Ahmed Ayderûsî küçük yaşta ilim tahsîline başladı. Âlim ve velî bir zât olan babasından okuyup icâzet, diploma aldı. Kalp ilimlerinde yükseldi. Başta babası olmak üzere âlimler tarafından medhedildi. Şeyh Ebû Bekr Ayderûsî oğlunun kadr ve kıymetini şöyle anlatır: "Asrın teki, âlimlerin önde gelenidir. Kızgınlıkta affı pekçoktur. Aslı temiz, hilmi ve yumuşaklığı boldur. Duâsı kabûl görür, duâsı ile hastalar şifâ bulur.
Ahmed Ayderûsî Aden’de babasının makâmına oturup onun yolunu tâkip edip, insanlara doğru yolu, Allahü teâlânın emir ve yasaklarını göstermekle meşgûl oldu. Çok cömertti. Zamânında bulunduğu yerde el açıp bir şey isteyen, ihtiyaç sâhibi biri olmadı. Babasının zamânı da aynen öyleydi.

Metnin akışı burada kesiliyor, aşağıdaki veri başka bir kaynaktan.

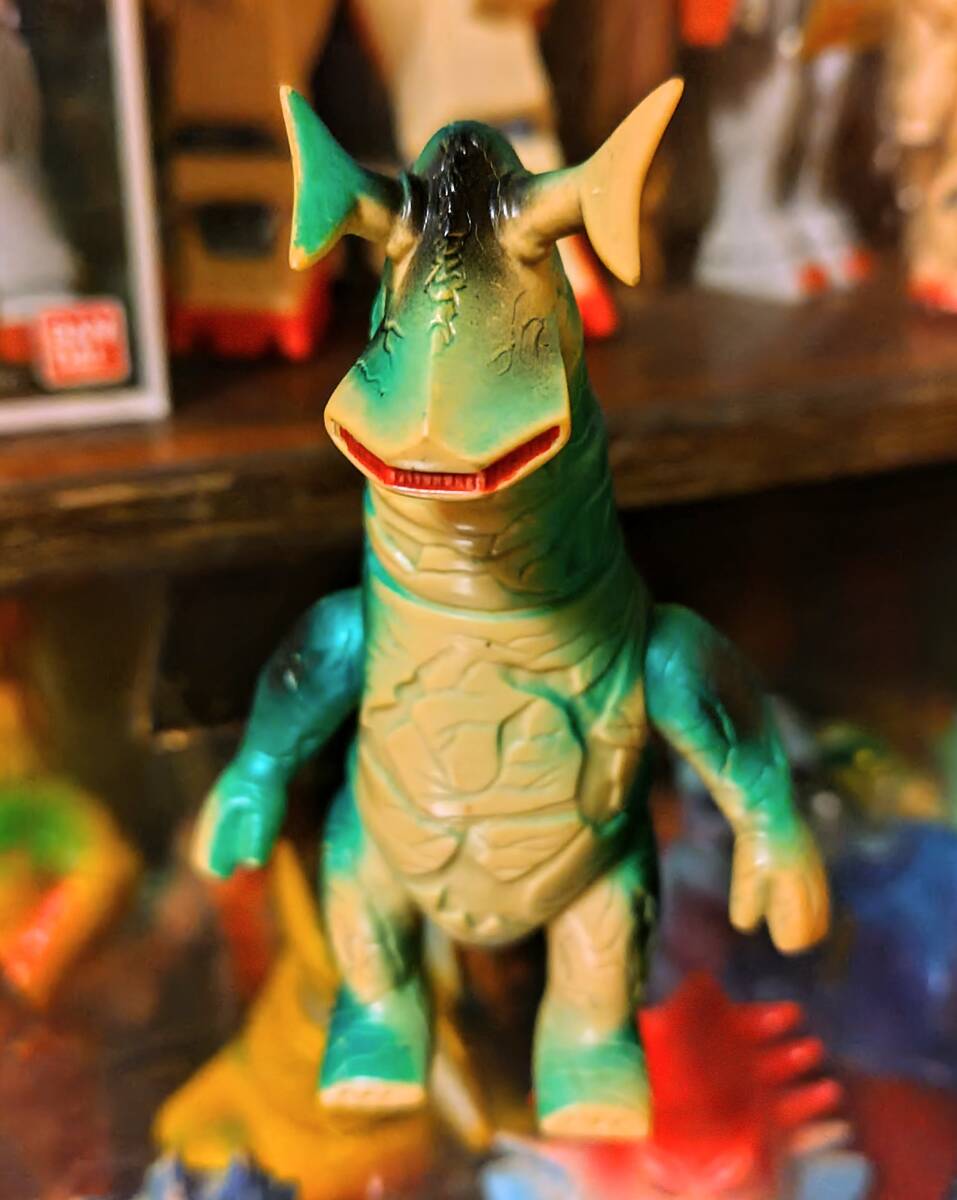 Yahoo!オークション -「エレキング ソフビ」(ビンテージ) の落札相場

Öfkesini yenmesi ve yumuşaklık göstermesi herkesten fazlaydı. Dînin emir ve yasaklarına uymada titizlik gösterirdi. Güzel hâller sâhibi olup kerâmetin ihtiyaç hâli dışında gösterilmesini iyi görmezdi. Sevdiklerinden Seyyid Muhammed bin Abdurrahmân’ın vücûdunda bir ağrı başlamış, gece uyuyamaz hâle gelmişti. Doktorlar tedâvîden âciz kaldılar. Seyyid Muhammed, Ahmed Ayderûsî hazretlerine haber gönderip hâlini arzetti ve duâ istedi. Ahmed Ayderûsî bunun üzerine bir talebesini gönderip yediği şeyin artığından onun ağzına koymasını söyledi. O da gidip öyle yaptı. Hastanın derhal ağrıları dinip iyileşti.
Vefâtından sonra hakkında mersiyeler söylendi. Bu mersiyelerin en meşhûru Allâme Muhammed bin Ömer Bahrık’ın mersiyesidir.